DeCock: Tar Heels a contender to win it all

Published: March 5, 2011 

— The ACC has another national-title contender, and it isn’t the defending national champions.

Duke still has a shot, even after the Blue Devils couldn’t keep up with North Carolina on Saturday, but the Tar Heels showed just how far they have come -- from last season, from a lackluster stretch to open this season and from last month’s loss to Duke in Durham.

Throw out a baffling loss to Georgia Tech, and the Tar Heels have spent two months getting better, culminating in an authoritative 81-67 win over Duke. The team that lost in the third-place game in Puerto Rico finished atop the ACC -- and has just as much of a chance to make a long postseason run as Duke.

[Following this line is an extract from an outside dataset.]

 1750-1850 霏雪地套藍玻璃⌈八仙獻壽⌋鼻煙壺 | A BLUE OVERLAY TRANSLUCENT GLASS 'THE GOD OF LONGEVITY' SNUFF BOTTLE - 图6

The Blue Devils will have the higher NCAA seed, based on a more impressive overall resume, but there may not be anyone playing any better than the Tar Heels right now. There certainly is not in the ACC.

“A buddy told me I’ve gotten a lot smarter the last couple weeks,”North Carolina coach Roy Williams said. “I didn’t get any smarter, but my team got better. I said in November this was a team that was going to keep growing and getting better.”

If the Tar Heels’ growth needed underlining, consider a Senior Night ceremony oddly devoid of signature moments to recognize, without a single four-year scholarship senior on the roster and would-be honoree Will Graves playing in Japan.

This very young team has come a very long way, with Harrison Barnes shaking off those early growing pains to become as clutch a player as there is in the ACC, John Henson flourishing in the post and Kendall Marshall taking over, period. Even Tyler Zeller admitted he wasn’t sure, a few months back, that the Tar Heels could come this far, this fast.

“Possible? Yes,” Zeller said. “Chances weren’t very high. It was one of those things where we had the talent, we had the ability, but at that time we weren’t playing nearly as good defense or offense as we are now.”

While Larry Drew II is busy planning to celebrate his 21st birthday Monday with Jamie Foxx, Marshall celebrated the ACC regular-season title Saturday night with the students who stormed the court.

Among his 15 points, 11 assists and two turnovers, he spun past Tyler Thornton for a lay-in, a moment of individual brilliance that secured a spot in all those sepia-toned montages of Great Plays in the History of the Rivalry.

“I think they’re really good,” Duke coach Mike Krzyzewski said. “I said that after we beat them in Cameron. I told you, I think they’re as good a team as we’ve played. That hasn’t changed for me.”

Krzyzewski also said the Blue Devils need to play better than they did to beat North Carolina, and Duke left its biggest weaknesses exposed Saturday: A soft middle and limited depth, both personified by Ryan Kelly’s struggles.

These are not necessarily fatal faults. Duke looked similarly vulnerable in a loss to Georgetown last January and the Blue Devils went 18-1 afterward to win the ACC and NCAA tournaments. They still have the ACC’s best player in Nolan Smith, and if the Tar Heels are ahead, it’s not by much.

But as the regular season wound to a close Saturday, the Tar Heels demonstrated they had not only closed the gap on Duke but the rest of the country as well -- and without a dominant team out there, they have the same chance to win it all as the Blue Devils, this year or last.